Она шагнула к нему и потрепала ладошкой его «ежик». Он, словно ждал этого, схватил ее, неуклюже ткнулся ледяными губами ей в щеку. Она уперлась кулачками в его окаменелую грудь, высвободилась из рук его и, повернувшись к двери, сказала решительно:
— Пошли!
— Н-н-н! — опять не согласился он. И она медленно вновь повернулась к нему, чувствуя, как этот упрямый парень нравится ей все больше.

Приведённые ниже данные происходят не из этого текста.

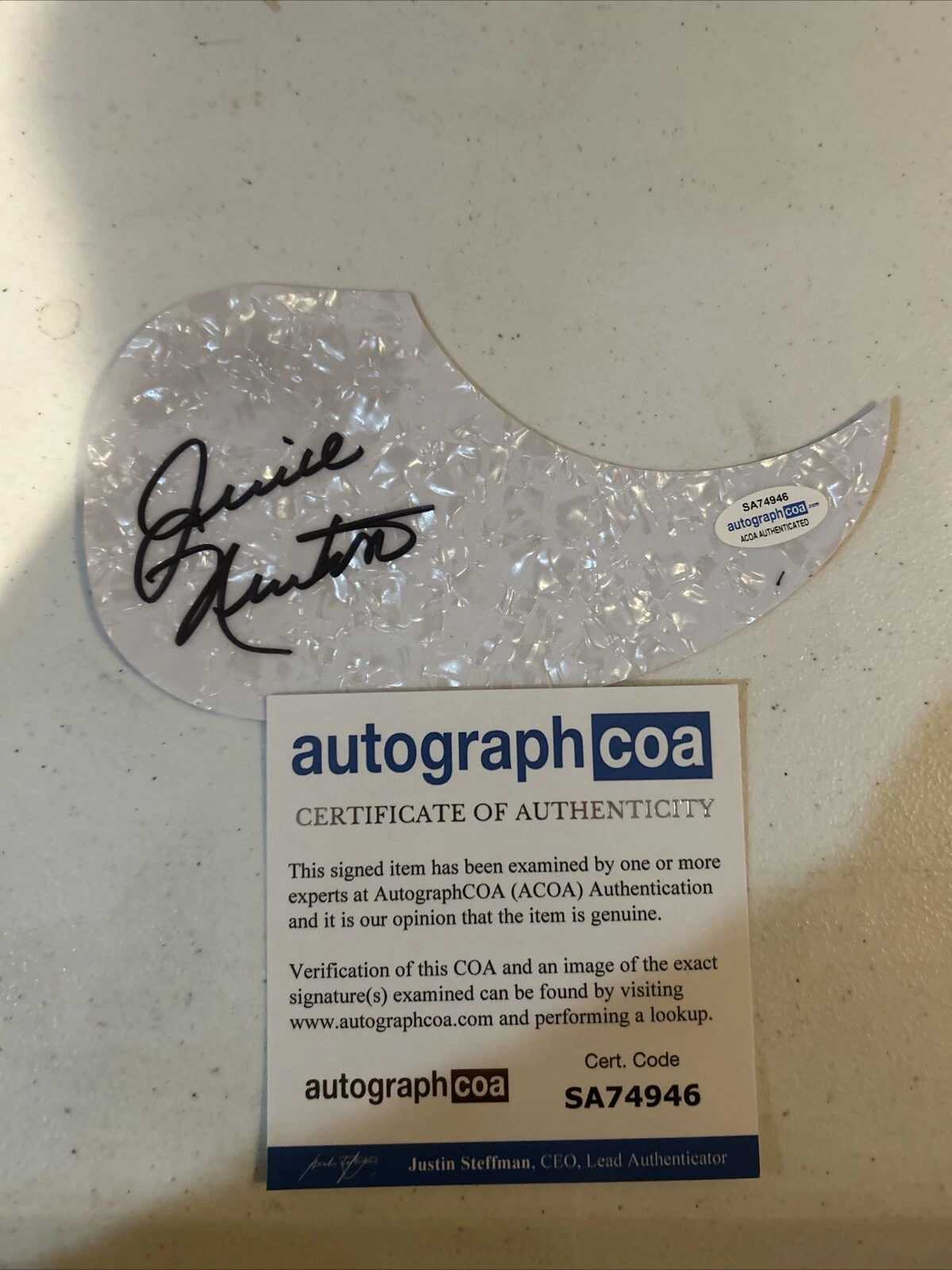 JUICE NEWTON SIGNED AUTOGRAPH ACOUSTIC PICKGUARD GUITAR ACOA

Несколько секунд они молча смотрели друг другу в глаза, не видя глаз, начерно затененных бровями. Он, ощутив, как приливает тепло к его губам, щекам и ушам, шагнул к ней, обнял бережно и сильно поцеловал. Впервые в жизни поцеловал девушку прямо в губы.
IV
Лебедчики на плавбазе «Удача» — народ, как на подбор серьезный и в годах. Александр Кириллович Апрелев, наверное, самый молодой среди них. Хотя здесь возможна ошибка, потому что он, несмотря на лысую и круглую — натуральная луна — голову, в сорок лет так порой на мальчишку смахивает, что принимаешь его за чудо вечной молодости. Пожелай он соврать лет на десять, и вы поверите без всяких. Но врать он не любит, а забавляется тем, что после явно мальчишеской какой-нибудь выходки (спустится из лебедочной кабины на перекур и по палубе на руках пройдется), веселый и раскрасневшийся, на «подкожный» вопрос, сколько ему лет, ответит задорно и будто сам не веря:
— Сорок, а что? — и улыбнется юно, доверчиво и непременно проведет ладонью по лысине.
— Твой ли это сын, Саша? — с веселым искренним удивлением сказал начальник радиостанции, когда они еще там, на стоянке в Находке, впервые зашли в радиорубку плавбазы — «на экскурсию».
Отец и сын, они просто на диво были непохожи: рослый черноволосый юноша с темными, почти черными глазами, не по годам серьезный до угрюмости, напряженно, даже как будто судорожно замкнутый, и — открытый, распахнутый, что называется до сердца, живой, веселый даже этой сиятельной плешью человек, коренастый и невысокий. Черты же — неуловимые что-то в рисунке губ, форме и посадке головы, выпуклостях лба, легкой курносости — явно выдавали родство светлого духа отца и сына. Аминь.